Piero si limitò a lasciare che la chiave ruotasse agilmente all’interno del nottolino. Quando udì il rombo dei centocinquantacinque cavalli erogati dal motore duemila otto valvole, non riuscì a trattenere un gemito di piacere intenso. Accarezzò a lungo il volante in pelle e il cruscotto. Accelerò a vuoto per una, due, tre, quattro, cinque volte. Ogni volta più a fondo. Respirando sempre più forte.
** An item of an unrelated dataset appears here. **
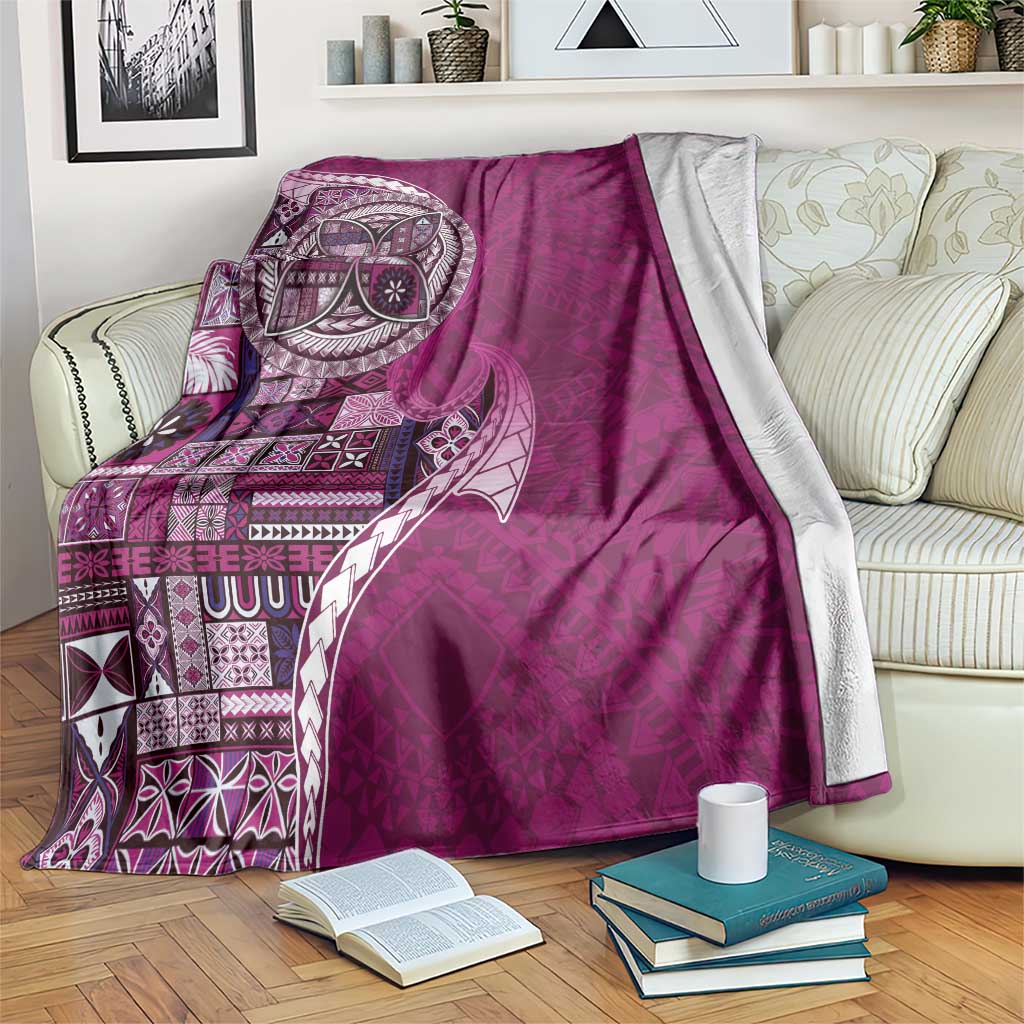 Samoan Siapo Art Tattoo Polynesian Pattern Blanket Pink Color LT03 Pink - Polynesian Pride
<<sentite la voce?>> disse.
Prese infine a emettere urla di piacere. Sempre più acute. Della bava gli colava dalla bocca e ormai non sembrava più curarsi della presenza dei passeggeri. Tastò gli interni dell’auto in maniera morbosa e infine sembrò provare una sorta di breve, intensissimo orgasmo. Poi, ripreso fiato, spinse il piede sinistro sulla frizione e il destro, completamente, sull’acceleratore. Innestò la prima marcia.
<<addio, Stefano.>> disse Frederik prima di chiudere gli occhi con l’intenzione di non riaprirli mai più.
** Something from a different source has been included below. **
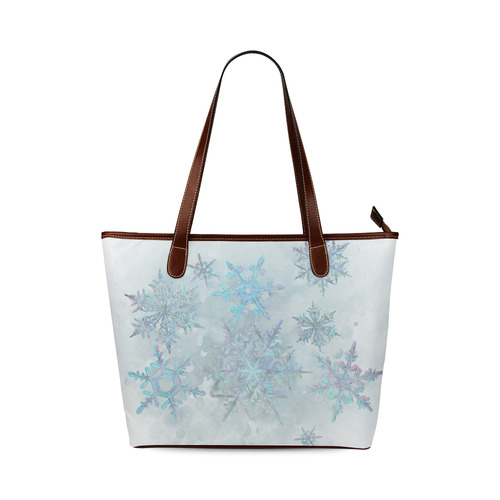 Snowflakes, snow, white and blue Shoulder Tote Bag (Model 1646)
<<come addio?>> Stefano non sembrava volersi rassegnare alla fine assurda che lo stava travolgendo. <<tutto questo è folle!>>
<<e’ una fine sublime.>> disse Piero mentre i giri del motore erano al massimo ormai da troppo tempo, producendo un rombo profondo e isterico. Tutto l’abitacolo era mosso da vibrazioni intense. <<l’uomo ha creato la tecnologia e fondendosi con essa raggiunge la massima espressione d’amore cui questa nostra società, da tempo andata in malora, consente di ambire. Abbiate fiducia, perché saremo un tutt’uno. Adesso, niente paura!>>
Piero staccò il piede dalla frizione. L’auto sgommò in avanti incollando agli schienali i tre occupanti. Per raggiungere il confine estremo del piazzale percorsero una cinquantina di metri, lungo i quali la Volvo, tra prima e seconda marcia, ebbe modo di raggiungere una velocità di ottantasette chilometri orari. Il muretto che delimitava l’ultimo piano del parcheggio presentava un bordo di cemento stranamente appuntito; tuttavia non bastò ad arginare la spinta dell’auto, che si impennava verso l’alto con un rumore di gomme squarciate. L’orrenda amalgama tra uomo e macchina era suggerita dallo schianto e dalla perversione.
Quando la polizia scientifica di Västervik fu sul posto, un rovinoso spettacolo si parava dinanzi agli occhi degli agenti. Sull’agglomerato di lamiere e carne umana sfatta e vetri e cemento, evocando la delicatezza di un fiore appena sbocciato, sorgeva, adagiata su un fanale posteriore curiosamente ancora integro, una fotografia: Piero cingeva in un abbraccio il regista David Cronenberg. Insieme guardavano sorridenti verso l’obiettivo. Sullo sfondo, la dimora canadese del maestro era quasi interamente ricoperta di neve. L’autografo del mito s’estendeva sull’intera superficie dello scatto, per obliquo.